I live in a home with floors that creak. Early in the morning, late in the evening, soft feet tread throughout the flat, yet the fear of disturbance still prevails. But what can I do? Lean to the right, lean to the left, even still, there will be a high pitched squeak.
What if she wakes up? Try to be quieter. How? It’s not me, it’s the floors. Well, maybe take bigger steps? Already tried, doesn’t work. Okay, step in spots that don’t creak. They ALL creak! Hmm, well, you are lucky she is a deep sleeper.
Distant creaking travels through walls and closed doors. Someone else is awake. The echo of familiar voices in a familiar tongue, but not a word understood. Voices up above, potential screaming, the occasional stomp. Pitter patter of feet. Doors shutting and rain pouring, the dreamy sound carrying me to sleep through an open window.
Ears ringing with silence or overwhelmed with noise. Can my upstairs neighbors hear me singing? Lights that are too bright, or aren’t bright enough. Except at dawn, when the glow of a little green lamp provides just enough. Cabinets and cupboards that have seen better days. Enough counter space to chop an onion. A fridge one might call “mini.”
White walls, white windows, white curtains. Not a single matching light fixture. Pink and black bathroom tiles, no living room. Itty bitty kitchen, doors without locks, no modern glam whatsoever. This is where I live.
And surprisingly, I’ve grown to really like it.
In Texas, I lived in quarters I thought were tight, but are spacious compared to where I reside now. I used to dream of what it would be like to live in a large home. A home that sparkled from the inside out and had all the modern, expensive finishes. A place one could practically get lost in. Or at least one where I had my own room.
But I’ve discovered how much I don’t care about these things and am amazed at how content I am in this space. Maybe it’s because I know it’s temporary. Maybe it’s because I live in a beautiful country and city. Maybe it’s because this is my only option. Maybe it’s because I’m young.

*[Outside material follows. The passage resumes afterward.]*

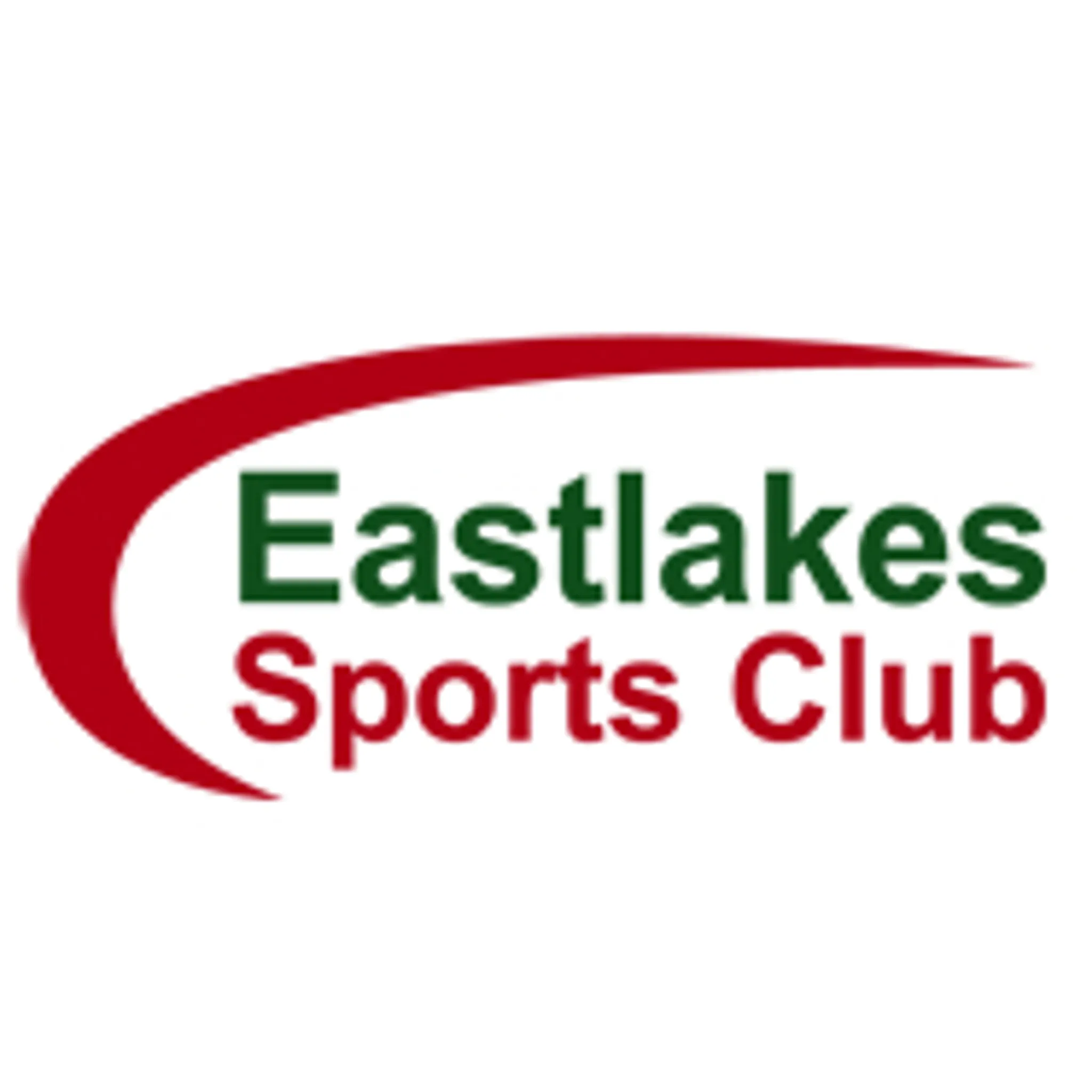 Eastlakes Sports Bowling Club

I could dismiss these feelings of contentment for reasons that are more superficial, but I like to believe it’s because I see how little a big beautiful home is actually worth. I love the feeling of stepping into a house the size of a hotel. I love exploring homes that look like an art gallery threw up in them. I quite enjoy gawking at the curb appeal of modern homes. But while it’s nice to have, won’t that feeling fade? Wouldn’t it grow old?

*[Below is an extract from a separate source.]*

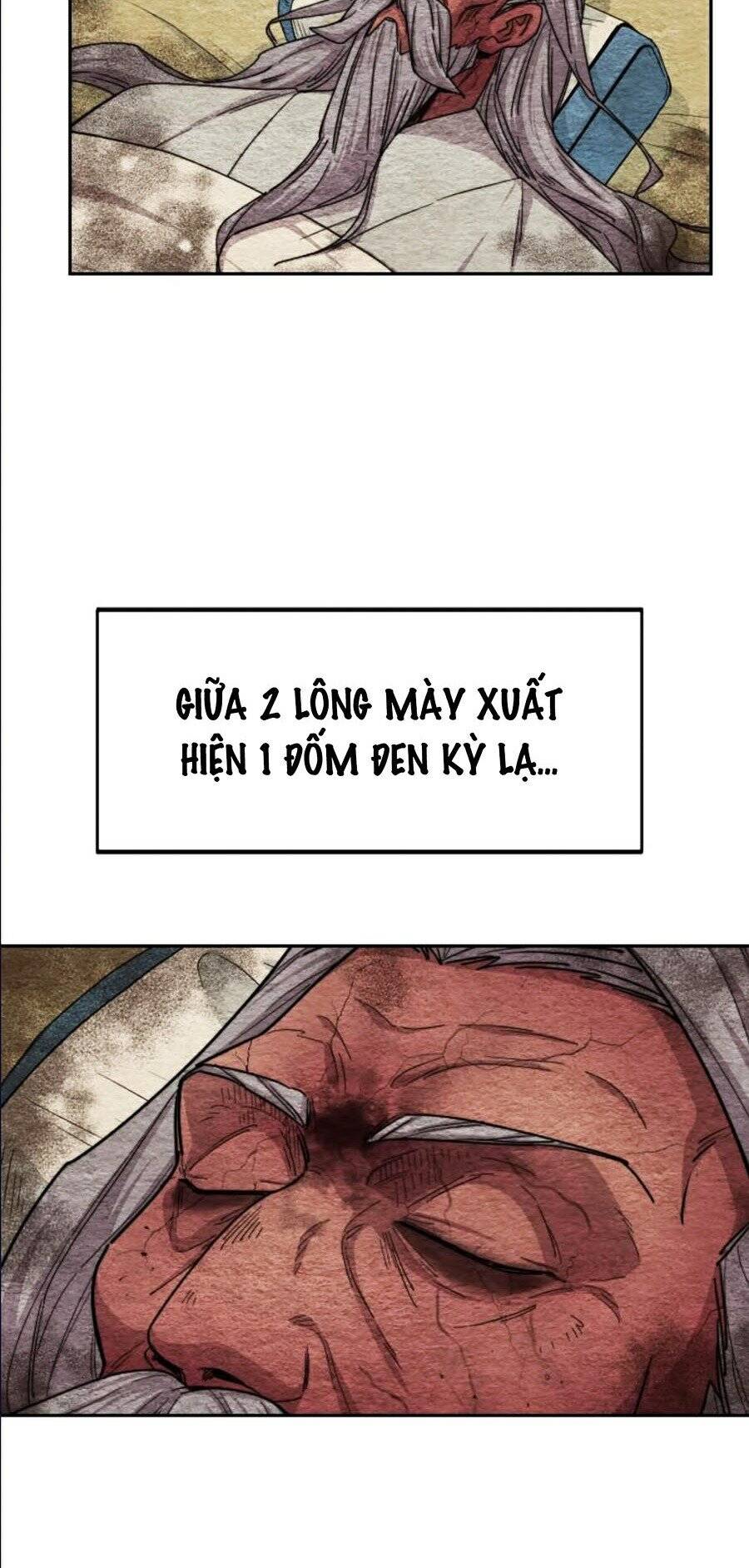 Chương 21 - Trang 3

I like the the feeling of making new friends more. I prefer walking the streets of Ljubljana to the halls of a house. I’d rather gawk at old buildings and mountains than marbled counter tops and walk in closets. All that I’ve been experiencing here is worth more than the temporary satisfaction of a pretty house.
What if I had it all? Content? You bet. But fulfilled? Not even close. I might even feel ridiculous when comparing my lavish home and all its superfluous features to someone who doesn’t even have a proper place to lay their head. It’s true that living in the first world causes us to compare what we have to what others have. We always want more. I find this to be especially true coming from such a wealthy suburb. Growing up it seemed as though most of my peers had more than I did. Their own cars, the newest iPhones, all the Lululemon clothing one could imagine, and a huge home. But when I would take a step back and look at the rest of the world, or even the next town over, I came to realize how much I truly had.
(This is actually a psychological phenomenon called “relative deprivation”)
For a while, I thought having a nicer place to live would solve everything. It was a very subconscious thought, as I am just now realizing how true it was. Living in a run-down, small, and outdated home here in Slovenia has really changed my perspective when it comes to the place I live.
Home sweet home. What makes a home sweet? I’ve found that the people who fill your home (whether roommates or guests), the place your home is located, and it’s ability to simply function matter infinitely more than the flooring, decor, light fixtures, and square feet/meters.